Shakespeare For Breakfast is one of the best-known names at the Fringe. In over two decades of shows, audiences have been treated to irreverent, witty takes on the inComplete Works. The formula carves out easy access routes into the forests of iambic pentameter, faithful but funny, a crowd-pleaser – particularly with a certain kind of well-meaning English teacher and a fuzzy favourite with which to begin a hectic day at the Fringe.
Someone clever once said that comedy is when you fall down a manhole, tragedy is when I cut my finger. This auld truism was evidently a guiding principle of Shakespeare’s craft. From the gulling of Malvolio to the frustration of Shylock, the Swan was a master of generating groundswells for his heroes and against his villains. Under the banter and badinage, Taming of the Shrew is the story of how a willfully independent woman is broken in body and spirit and made to conform to the petty tyranny of her male relatives deferring to her husband’s will as unquestioned master of the household.
The play contains scenes unsuitable for early 21st Century sensibilities. Scenes that are as brutal as the bear baiting available a stone’s throw from Shakespeare’s own venues. There are moments as nasty as a recent snapshot of a certain domestic goddess being publicly strangled by her husband. The uncomfortable point for any producer is that these scenes were written to be laugh out loud funny. It’s a problem tackled head on by this year’s Shakespeare For Breakfast ensemble.
Audiences weaned on 10 Things I Hate About You – the classic Hollywood teeny bopper adaptation – are in for a shock.

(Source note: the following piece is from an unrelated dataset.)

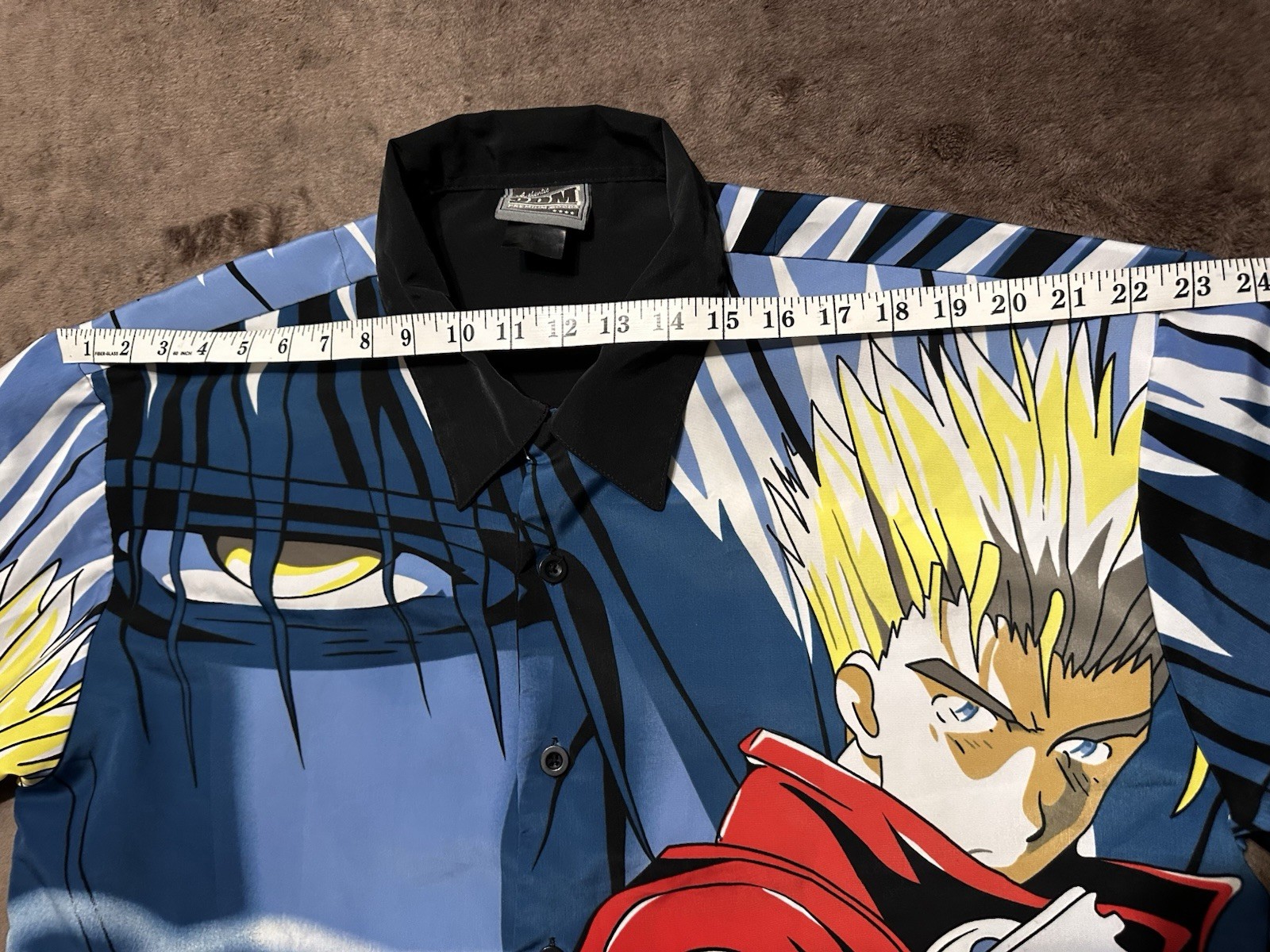 ODM Trigun Vash the Stampede Anime Manga Button Shirt Mens XL Y2K Streetwear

Bleary eyed regular Shakespeare for Breakfast punters, clinging to the lifeline of coffee and croissants, are in for a sharp wake up. Gone are the usual constellation of contemporary pop culture references, replaced by a single underlying satirical theme: the royal baby and the dutiful young princess Kate forcibly moulded to fit the expectations of her station. Her own voice – her very identity – mercilessly subsumed under a weight of masculine expectations.

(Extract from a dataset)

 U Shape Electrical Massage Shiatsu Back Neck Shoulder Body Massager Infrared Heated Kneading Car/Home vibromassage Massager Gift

This is neither a tight nor a tidy production. The staging is not uniformly even. The usual prop vignettes are absent and their absence is noticed. The cast’s energy and focus levels bow and occasionally scrape. Not having the guy who looks like Prince Harry play Prince Harry was a bold move. The soundscape does little to create a sense of time or place. The costumes might be in need of revision too – either the ladies skirts need to be longer or their pants bigger.

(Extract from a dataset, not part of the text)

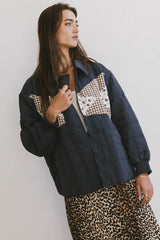 Karlie Quilted Jacket in Navy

But this production does stand out. It is hugely memorable. It’s dark. Really dark. This is what satire is meant to be – almost too biting to be funny. Shakespeare’s most misogynistic text has been as roughly handled as his heroine. It has been used as a bludgeon to make a blunt point. Amid the schmaltz and ceremony of the royal arrival this production has posed the hard questions in a search for uncomfortable answers. In doing so they have dared play with a successful formula. The effect is like being set upon by an outraged posse of Care Bears and lollipop ladies.